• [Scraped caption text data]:

********************

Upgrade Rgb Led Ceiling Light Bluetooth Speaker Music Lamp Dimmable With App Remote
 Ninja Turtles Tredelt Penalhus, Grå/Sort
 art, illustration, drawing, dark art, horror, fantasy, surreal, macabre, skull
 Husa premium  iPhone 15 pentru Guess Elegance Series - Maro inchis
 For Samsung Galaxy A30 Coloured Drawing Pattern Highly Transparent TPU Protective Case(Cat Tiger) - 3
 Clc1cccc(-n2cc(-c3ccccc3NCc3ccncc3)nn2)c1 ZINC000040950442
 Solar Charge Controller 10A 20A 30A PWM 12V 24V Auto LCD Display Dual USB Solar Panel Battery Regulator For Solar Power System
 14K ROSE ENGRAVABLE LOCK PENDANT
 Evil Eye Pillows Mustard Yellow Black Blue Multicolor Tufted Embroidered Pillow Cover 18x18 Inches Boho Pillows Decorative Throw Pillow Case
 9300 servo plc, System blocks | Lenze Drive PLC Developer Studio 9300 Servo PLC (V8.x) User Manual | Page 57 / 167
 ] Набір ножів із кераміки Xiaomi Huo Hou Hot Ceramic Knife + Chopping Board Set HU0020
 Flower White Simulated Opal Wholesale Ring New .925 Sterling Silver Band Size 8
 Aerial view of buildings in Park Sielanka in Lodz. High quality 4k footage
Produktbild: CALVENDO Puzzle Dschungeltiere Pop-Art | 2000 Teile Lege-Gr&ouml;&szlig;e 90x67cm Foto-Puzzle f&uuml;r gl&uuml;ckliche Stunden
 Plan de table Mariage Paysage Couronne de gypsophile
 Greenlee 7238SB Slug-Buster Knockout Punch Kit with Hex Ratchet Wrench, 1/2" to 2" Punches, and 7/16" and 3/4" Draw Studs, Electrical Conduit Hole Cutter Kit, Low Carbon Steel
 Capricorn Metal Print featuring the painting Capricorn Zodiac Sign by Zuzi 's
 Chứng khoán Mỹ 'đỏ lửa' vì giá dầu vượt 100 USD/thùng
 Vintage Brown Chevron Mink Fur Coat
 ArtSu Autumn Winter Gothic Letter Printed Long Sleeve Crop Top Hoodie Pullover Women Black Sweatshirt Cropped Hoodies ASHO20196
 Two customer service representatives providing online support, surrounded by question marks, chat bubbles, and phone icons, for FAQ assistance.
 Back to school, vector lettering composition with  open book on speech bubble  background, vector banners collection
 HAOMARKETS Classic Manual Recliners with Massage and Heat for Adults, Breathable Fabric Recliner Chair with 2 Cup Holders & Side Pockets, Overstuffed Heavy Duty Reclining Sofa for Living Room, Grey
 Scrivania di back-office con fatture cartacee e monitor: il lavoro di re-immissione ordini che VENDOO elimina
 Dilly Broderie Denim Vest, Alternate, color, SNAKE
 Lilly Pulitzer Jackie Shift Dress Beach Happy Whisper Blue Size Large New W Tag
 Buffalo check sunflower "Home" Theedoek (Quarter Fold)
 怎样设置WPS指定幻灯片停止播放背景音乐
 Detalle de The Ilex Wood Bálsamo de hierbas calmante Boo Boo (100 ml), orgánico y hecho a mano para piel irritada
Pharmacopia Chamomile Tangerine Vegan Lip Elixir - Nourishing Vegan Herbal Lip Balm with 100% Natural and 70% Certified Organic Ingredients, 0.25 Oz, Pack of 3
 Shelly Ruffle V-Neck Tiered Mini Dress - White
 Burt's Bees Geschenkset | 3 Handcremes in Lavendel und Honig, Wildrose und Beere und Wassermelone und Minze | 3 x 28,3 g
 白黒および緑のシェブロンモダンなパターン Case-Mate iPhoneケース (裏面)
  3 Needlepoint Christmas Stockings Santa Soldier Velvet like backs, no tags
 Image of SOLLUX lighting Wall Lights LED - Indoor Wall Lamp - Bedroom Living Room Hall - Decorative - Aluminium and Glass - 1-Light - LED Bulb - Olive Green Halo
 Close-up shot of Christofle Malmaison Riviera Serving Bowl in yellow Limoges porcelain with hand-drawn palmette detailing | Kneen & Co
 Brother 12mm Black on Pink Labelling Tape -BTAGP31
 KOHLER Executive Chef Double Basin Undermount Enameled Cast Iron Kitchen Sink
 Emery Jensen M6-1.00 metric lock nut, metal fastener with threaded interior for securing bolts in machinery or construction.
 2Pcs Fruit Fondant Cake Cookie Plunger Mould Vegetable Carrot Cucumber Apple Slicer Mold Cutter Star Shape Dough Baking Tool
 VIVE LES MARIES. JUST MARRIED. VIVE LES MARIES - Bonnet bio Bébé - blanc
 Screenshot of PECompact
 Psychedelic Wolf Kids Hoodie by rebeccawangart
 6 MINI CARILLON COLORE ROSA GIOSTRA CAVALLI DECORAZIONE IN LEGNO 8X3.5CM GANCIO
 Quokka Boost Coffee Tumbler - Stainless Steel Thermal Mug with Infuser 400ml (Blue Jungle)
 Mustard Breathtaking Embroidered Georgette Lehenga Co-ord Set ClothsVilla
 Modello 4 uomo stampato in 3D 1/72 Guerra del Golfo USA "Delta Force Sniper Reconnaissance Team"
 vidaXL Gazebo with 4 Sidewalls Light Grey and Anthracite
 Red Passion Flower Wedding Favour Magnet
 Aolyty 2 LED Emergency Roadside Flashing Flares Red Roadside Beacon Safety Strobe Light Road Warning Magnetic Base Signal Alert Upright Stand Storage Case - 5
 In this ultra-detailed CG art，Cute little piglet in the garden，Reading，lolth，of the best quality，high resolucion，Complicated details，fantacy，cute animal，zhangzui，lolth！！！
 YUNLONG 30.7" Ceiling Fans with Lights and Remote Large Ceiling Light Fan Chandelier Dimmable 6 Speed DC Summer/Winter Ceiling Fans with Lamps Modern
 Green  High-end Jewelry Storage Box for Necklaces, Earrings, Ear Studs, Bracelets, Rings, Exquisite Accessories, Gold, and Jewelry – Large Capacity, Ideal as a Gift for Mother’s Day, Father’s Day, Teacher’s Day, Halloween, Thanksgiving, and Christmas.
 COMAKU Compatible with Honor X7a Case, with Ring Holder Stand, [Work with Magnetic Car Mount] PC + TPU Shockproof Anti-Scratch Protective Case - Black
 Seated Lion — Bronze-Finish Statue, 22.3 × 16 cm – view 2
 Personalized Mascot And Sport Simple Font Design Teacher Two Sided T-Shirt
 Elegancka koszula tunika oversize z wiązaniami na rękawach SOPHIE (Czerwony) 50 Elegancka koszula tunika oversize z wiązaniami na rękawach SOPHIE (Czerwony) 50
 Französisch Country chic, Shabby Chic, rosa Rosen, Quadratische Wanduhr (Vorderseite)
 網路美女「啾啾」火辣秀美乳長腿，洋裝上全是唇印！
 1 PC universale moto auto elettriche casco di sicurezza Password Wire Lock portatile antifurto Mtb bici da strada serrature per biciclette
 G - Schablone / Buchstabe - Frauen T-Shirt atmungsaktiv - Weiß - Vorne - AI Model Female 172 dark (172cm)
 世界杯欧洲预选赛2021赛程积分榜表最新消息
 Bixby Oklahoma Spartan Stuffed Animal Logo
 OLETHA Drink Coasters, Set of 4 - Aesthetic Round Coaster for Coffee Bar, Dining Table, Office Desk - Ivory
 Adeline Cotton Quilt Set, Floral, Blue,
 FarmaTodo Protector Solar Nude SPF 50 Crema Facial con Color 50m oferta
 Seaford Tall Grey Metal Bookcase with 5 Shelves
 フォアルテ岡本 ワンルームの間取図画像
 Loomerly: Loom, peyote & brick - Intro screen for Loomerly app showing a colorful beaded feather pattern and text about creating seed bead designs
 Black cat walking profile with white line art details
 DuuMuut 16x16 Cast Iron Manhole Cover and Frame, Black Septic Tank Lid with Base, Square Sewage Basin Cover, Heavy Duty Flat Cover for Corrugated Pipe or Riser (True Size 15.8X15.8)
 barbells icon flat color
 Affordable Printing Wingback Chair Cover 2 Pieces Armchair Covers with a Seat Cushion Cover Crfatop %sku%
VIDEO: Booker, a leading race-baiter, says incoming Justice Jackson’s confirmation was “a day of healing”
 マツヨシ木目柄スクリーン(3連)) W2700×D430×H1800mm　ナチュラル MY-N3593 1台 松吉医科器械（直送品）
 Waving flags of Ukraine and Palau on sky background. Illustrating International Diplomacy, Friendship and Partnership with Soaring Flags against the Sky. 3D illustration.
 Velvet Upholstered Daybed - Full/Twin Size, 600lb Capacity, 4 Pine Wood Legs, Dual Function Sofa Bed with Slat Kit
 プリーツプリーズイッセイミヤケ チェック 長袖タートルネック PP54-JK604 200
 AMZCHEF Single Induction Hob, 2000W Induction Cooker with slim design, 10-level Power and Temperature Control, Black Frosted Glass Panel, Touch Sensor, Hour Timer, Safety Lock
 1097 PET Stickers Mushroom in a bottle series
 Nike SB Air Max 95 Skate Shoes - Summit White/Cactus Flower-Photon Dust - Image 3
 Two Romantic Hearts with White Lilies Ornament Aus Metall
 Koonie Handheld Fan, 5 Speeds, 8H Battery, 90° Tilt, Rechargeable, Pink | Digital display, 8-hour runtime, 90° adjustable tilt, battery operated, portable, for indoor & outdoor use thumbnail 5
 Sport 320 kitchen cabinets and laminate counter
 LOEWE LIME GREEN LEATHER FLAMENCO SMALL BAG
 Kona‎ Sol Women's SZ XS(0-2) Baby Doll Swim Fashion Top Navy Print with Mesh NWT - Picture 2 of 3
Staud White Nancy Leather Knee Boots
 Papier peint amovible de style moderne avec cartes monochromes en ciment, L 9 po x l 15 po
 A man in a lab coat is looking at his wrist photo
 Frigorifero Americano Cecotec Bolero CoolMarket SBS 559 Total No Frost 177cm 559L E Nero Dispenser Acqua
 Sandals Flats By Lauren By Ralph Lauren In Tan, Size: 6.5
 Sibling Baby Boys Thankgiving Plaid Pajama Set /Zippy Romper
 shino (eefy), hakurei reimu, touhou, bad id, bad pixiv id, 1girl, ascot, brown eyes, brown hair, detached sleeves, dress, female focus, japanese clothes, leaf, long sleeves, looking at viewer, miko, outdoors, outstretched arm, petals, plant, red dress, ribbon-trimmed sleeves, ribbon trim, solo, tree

********************

• [WHAT YOU ARE ASKED TO DO]: The first line of the records and every line down to the line with "Evil Eye Pillows" must be quoted exactly; leave out all else.

• [ANSWER TO THE EXERCISE]:
Upgrade Rgb Led Ceiling Light Bluetooth Speaker Music Lamp Dimmable With App Remote
 Ninja Turtles Tredelt Penalhus, Grå/Sort
 art, illustration, drawing, dark art, horror, fantasy, surreal, macabre, skull
 Husa premium  iPhone 15 pentru Guess Elegance Series - Maro inchis
 For Samsung Galaxy A30 Coloured Drawing Pattern Highly Transparent TPU Protective Case(Cat Tiger) - 3
 Clc1cccc(-n2cc(-c3ccccc3NCc3ccncc3)nn2)c1 ZINC000040950442
 Solar Charge Controller 10A 20A 30A PWM 12V 24V Auto LCD Display Dual USB Solar Panel Battery Regulator For Solar Power System
 14K ROSE ENGRAVABLE LOCK PENDANT
 Evil Eye Pillows Mustard Yellow Black Blue Multicolor Tufted Embroidered Pillow Cover 18x18 Inches Boho Pillows Decorative Throw Pillow Case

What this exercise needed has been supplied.